Paper: One-shot Learning with Memory-Augmented Neural Networks, A. Santoro et al., 2016

The topic of memory augmented Artificial Neural Networks (MANN) is particularly interesting for me and I am glad to see growing attention to this topic. Back in 2014 I reviewed “Neural Turing Machines” (NTM) paper by A. Graves et al. that introduced a model of Artificial Neural Network (ANN) capable of Turing-complete computing. Today, I will review another interesting paper from DeepMind that presents an updated version of NTM.

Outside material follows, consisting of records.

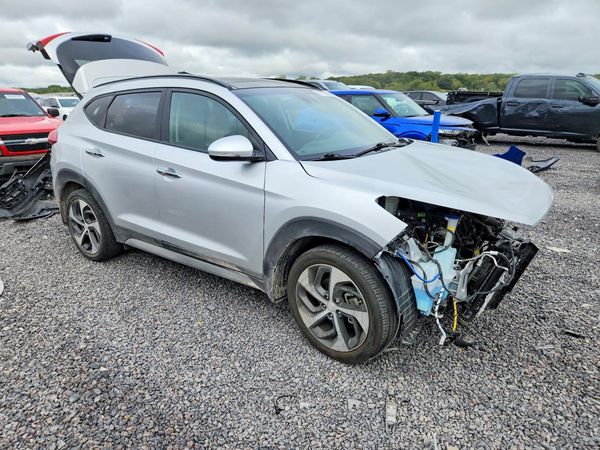 2018 HYUNDAI TUCSON — Passenger 3/4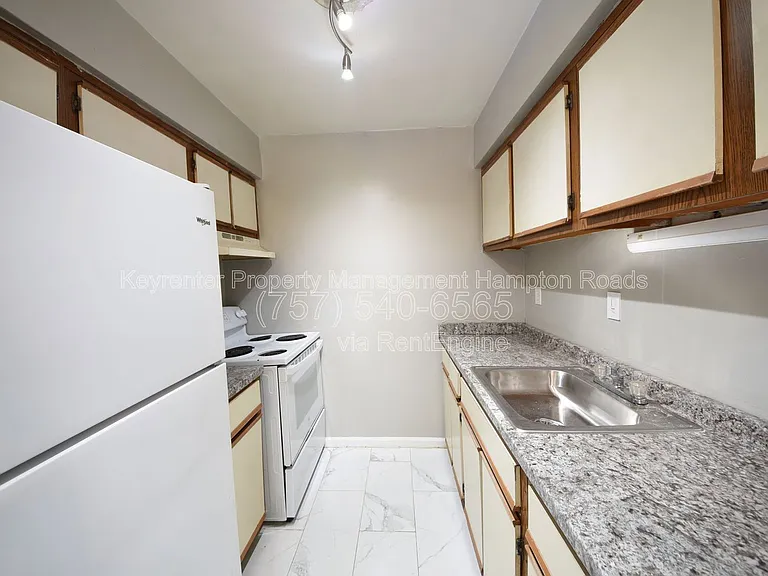 405 Clifton St #A — Photo 11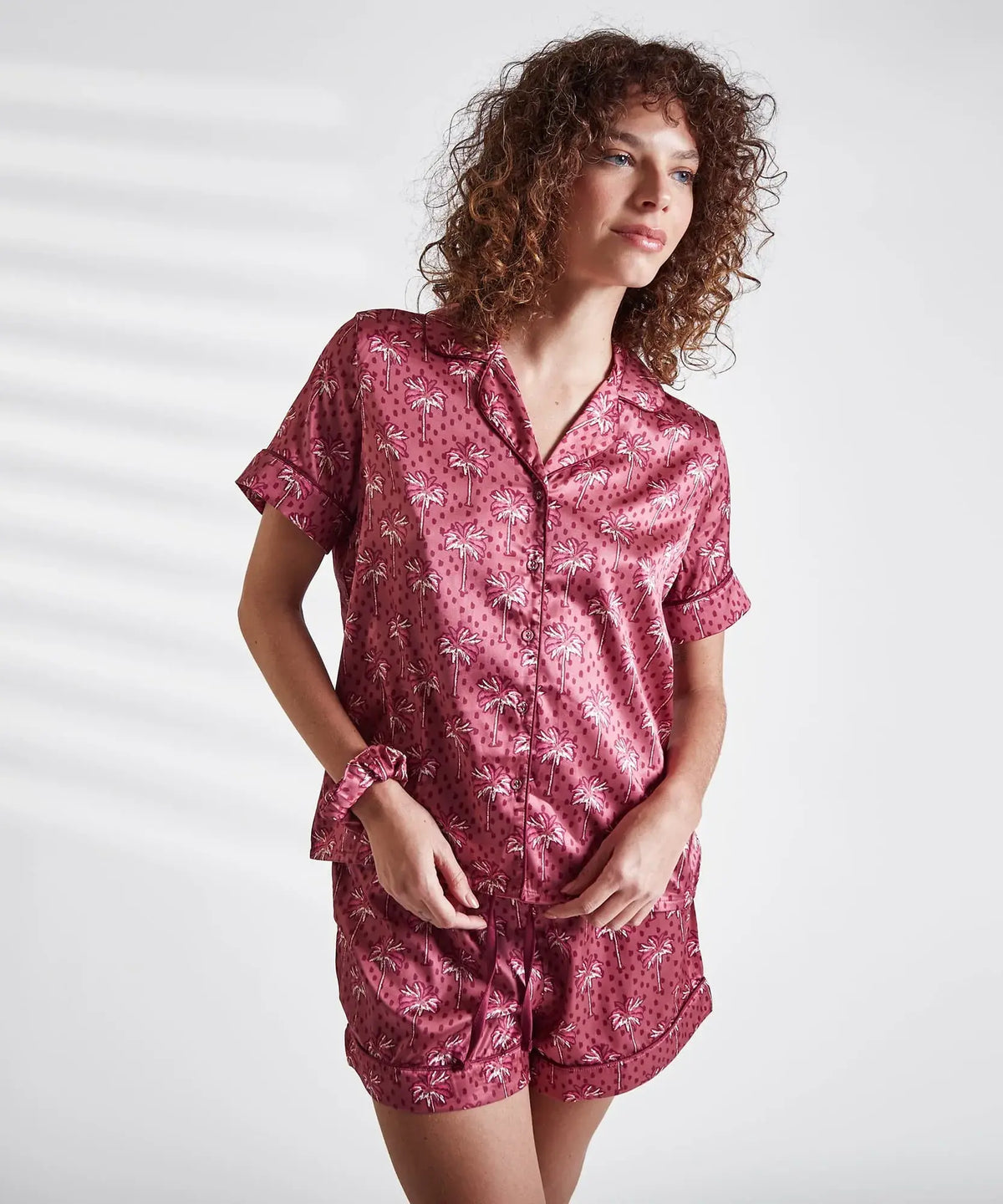 Set Pijama Camisero Satinado Palmeras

NTM is an architecture of a Neural network that can write and read information to external memory selectively. However, training such network to perform particular operations takes multiple training iterations and large set of training samples. This limits the application of NTM due to performance limitations and availability of large datasets for some real life scenarios. There was an opinion in Machine Learning community that Deep Learning models are poorly suited for low-shot learning. This was supported by research findings, for example [B. Lake et al., 2015] demonstrated advantage of Bayesian Learning over Deep Learning methods in low-shot tasks. Therefore, the addition of Bayesian Learning to NTM model could be beneficial for alleviating the aforementioned problems. This could also make training of the model closer to human learning where only few samples of new concepts may be enough for inference.

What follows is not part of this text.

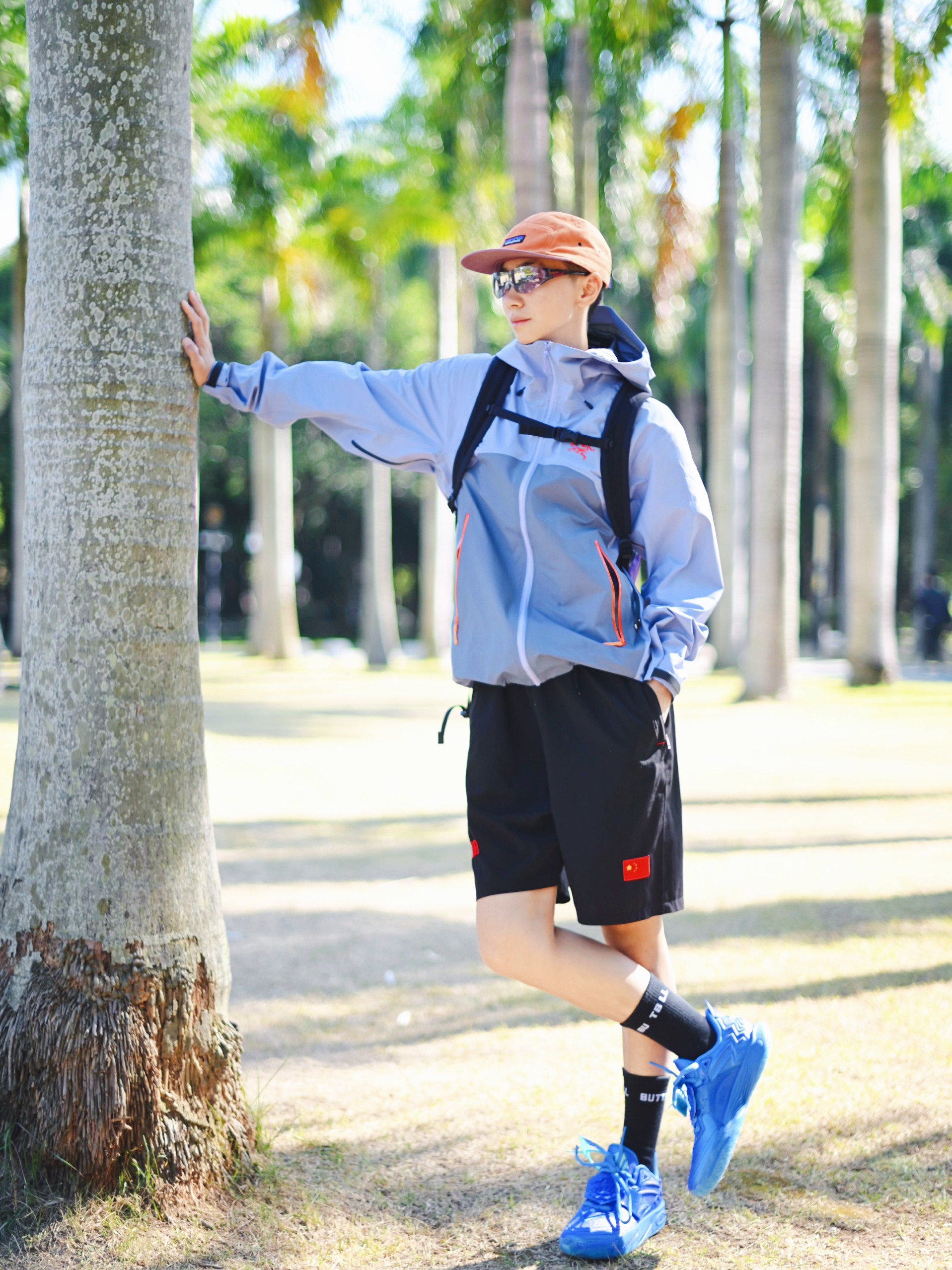 👟这双蓝色战靴拿捏秋冬氛围💙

Modified NTM model follows the concept of meta-learning and can learn at two levels: rapid learning and slow learning. Rapid learning involves quick encoding of few samples of new information with external memory module. At this level the model uses “one-shot” (few-shots) learning. Unfortunately, the authors provided limited information about the algorithm and details of modifications to NTM controller’s heads e.g. aligning mechanisms in read and write heads. In addition to rapid learning, the model also learns from data at a slow level using gradient descent which optimizes function of expected learning cost. For prediction the network uses memory data about previous samples from the sequence, that were added earlier in rapid learning. Thus, by processing examples at two levels the model is trained to better predict sequences samples.

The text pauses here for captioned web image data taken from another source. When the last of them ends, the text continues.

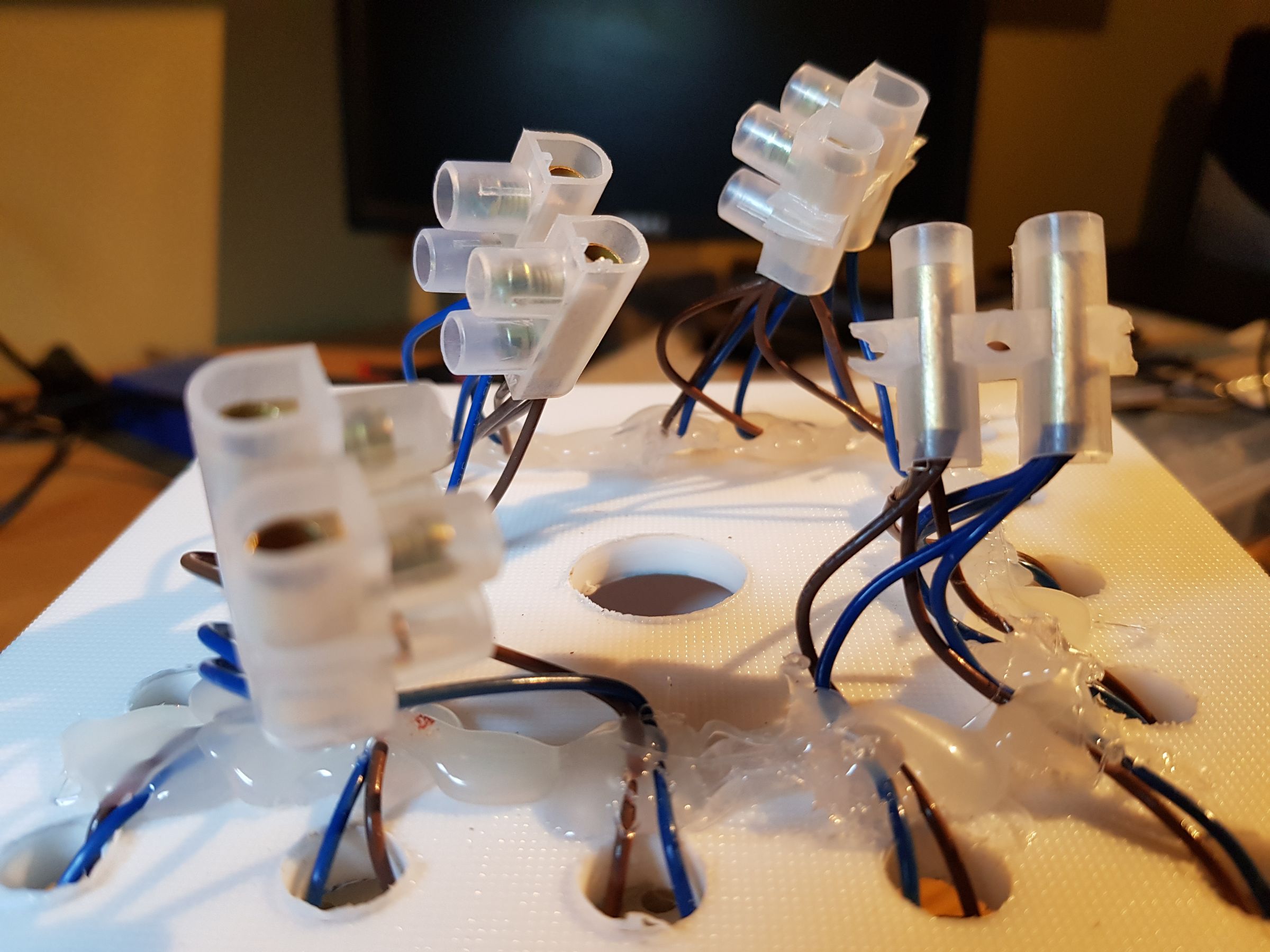 Convert Light Fitting to LED Cluster : 7 Steps (with Pictures
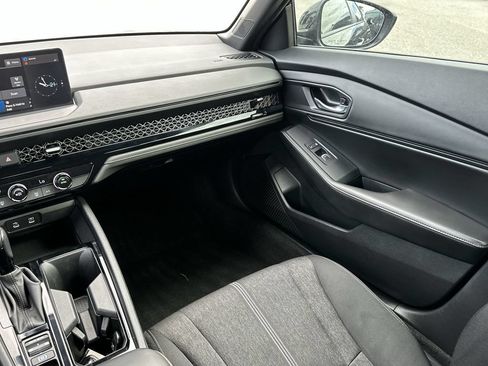 Used 2024 Honda Accord Sport image 15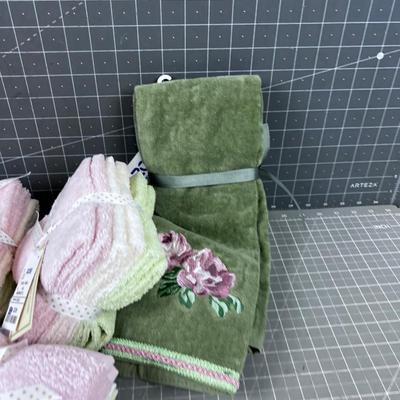 NEW Wash Cloth and Hand Towels 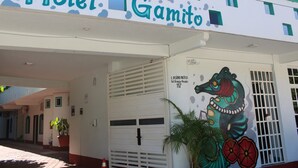 A hotel entrance with a sign reading "Hotel Gamito." - Hotel Gamito (Puerto Escondido)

Another difference from the vanilla NTM is a different addressing mechanism. New mechanism only uses content based location while the original one also had location-based addressing. Older method location-based addressing allowed to iterate through fixed sequences in memory and was less suitable for processing non-sequence data. New addressing method prioritizes writing to least recently used memory locations for storing most recent information in the memory. Additionally, the model is supposed to update relevant information in the memory even for recently updated content if newer information was detected. Therefore, the model can write either to the least recently used locations or the most recently used.

The experiments indicate the advantage of the new model over previous NTM architecture and LSTM networks in image classification task. The model also demonstrated adequate performance on regression tasks compared to predictions by a Gaussian Process model with the ground truth kernel. Unfortunately, there was no comparison with Bayesian Learning competitors [B. Lake et al., 2015] which seem to be direct opponents to proposed model. A small issue that I personally experienced was organization of experiments section in the paper, which I found rather confusing. I assume it is just an issue of the version 1 and it will be fixed in the future versions.

To summarize, this paper demonstrates an interesting view on NTM and how it can be adjusted for use-cases with limited data samples. There certainly could be more details of the new architecture. If the authors could release the source code it would also be beneficial for better understanding of their model.


  • Santoro, Adam, Sergey Bartunov, Matthew Botvinick, Daan Wierstra, and Timothy Lillicrap. “One-shot learning with memory-augmented neural networks.” arXiv preprint arXiv:1605.06065 (2016).
  • Graves, Alex, Greg Wayne, and Ivo Danihelka. “Neural turing machines.” arXiv preprint arXiv:1410.5401 (2014).
  • Lake, Brenden M., Ruslan Salakhutdinov, and Joshua B. Tenenbaum. “Human-level concept learning through probabilistic program induction.” Science 350, no. 6266 (2015): 1332-1338.